Hickerson kicked off the conversation with a question about how Todd got involved in the worlds of journalism and politics. In his response, he revealed that he did not always want to be in the journalism industry. 

“I didn’t know I wanted to be a journalist, I’ll be honest,” Todd said. “I was always into politics. My dad was a political junkie, and that was his hobby.” 

Todd went on to share that because of his hand-me-down love of politics, he grew up aspiring to become a campaign manager. He went on to work at a publication centered around American politics, and that is where his journey in the journalism field debuted. 

As the conversation progressed, Todd delved into the topic of media distrust and how he thinks the United States lost trust with the average American viewer. He thinks the televised trial of OJ Simpson is where that began, as he believes it was presented as entertainment instead of presenting much real news value. Todd subscribes to the notion that some people view TV news as a joke because the trial was so entertainment-driven and milked for so long. 

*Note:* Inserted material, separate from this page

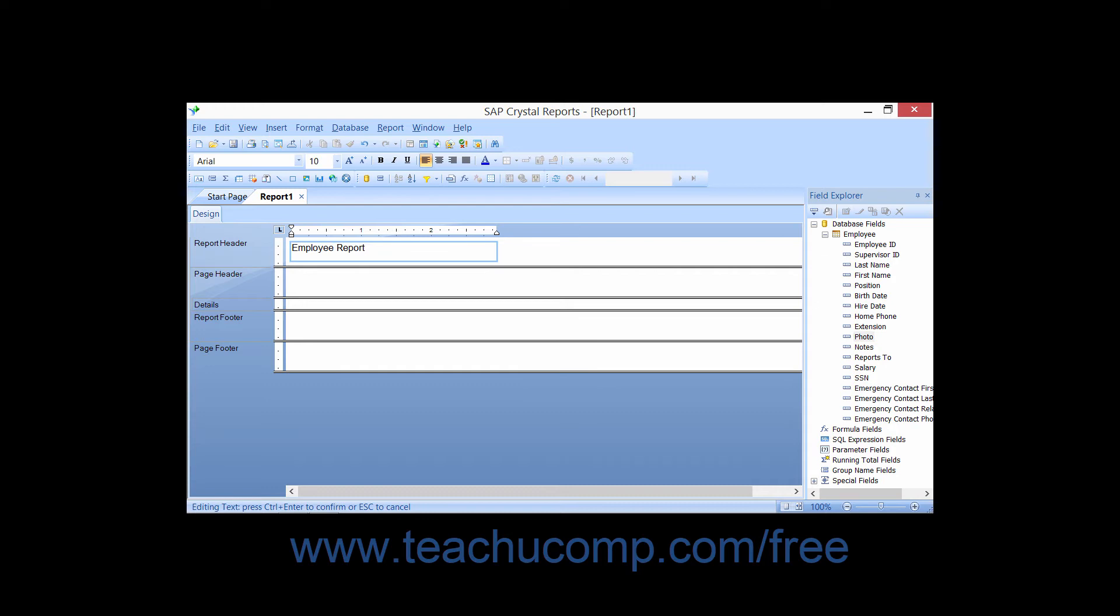When you are finished entering text, click outside of the text object into the report area to finish editing the text.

“When you make these core mistakes and then ask, ‘Why do people think TV (news) is nothing but a TV show?’ (It is) because we made it nothing but a TV show during OJ,” Todd said. 

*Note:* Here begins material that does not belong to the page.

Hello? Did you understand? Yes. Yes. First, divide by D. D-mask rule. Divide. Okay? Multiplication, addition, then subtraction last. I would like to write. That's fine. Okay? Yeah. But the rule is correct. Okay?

Toward the end of the interview, the audience asked questions. One of the listeners inquired about shielding personal opinions, particularly as a political analyst. Todd said that, in his opinion, unless a reporter’s segment is an opinion section, such as his co-worker Rachel Maddow’s series on NBC, the audience should be clueless to their stance. 

“People think they know my political opinions (but) I’ve never shared them. If I shared a view … somebody would be like, ‘Wow, you believe that?’” Todd said. “I’ve had people try to convince me to go to the partisan side of things, and I don’t want to do that.” 

Junior journalism major Hannah Ivey said the event was an incredible opportunity, and she was happy that she could attend. 

“It was super interesting,” Ivey said. “As a journalism student, it was a really great opportunity to hear Chuck come speak.”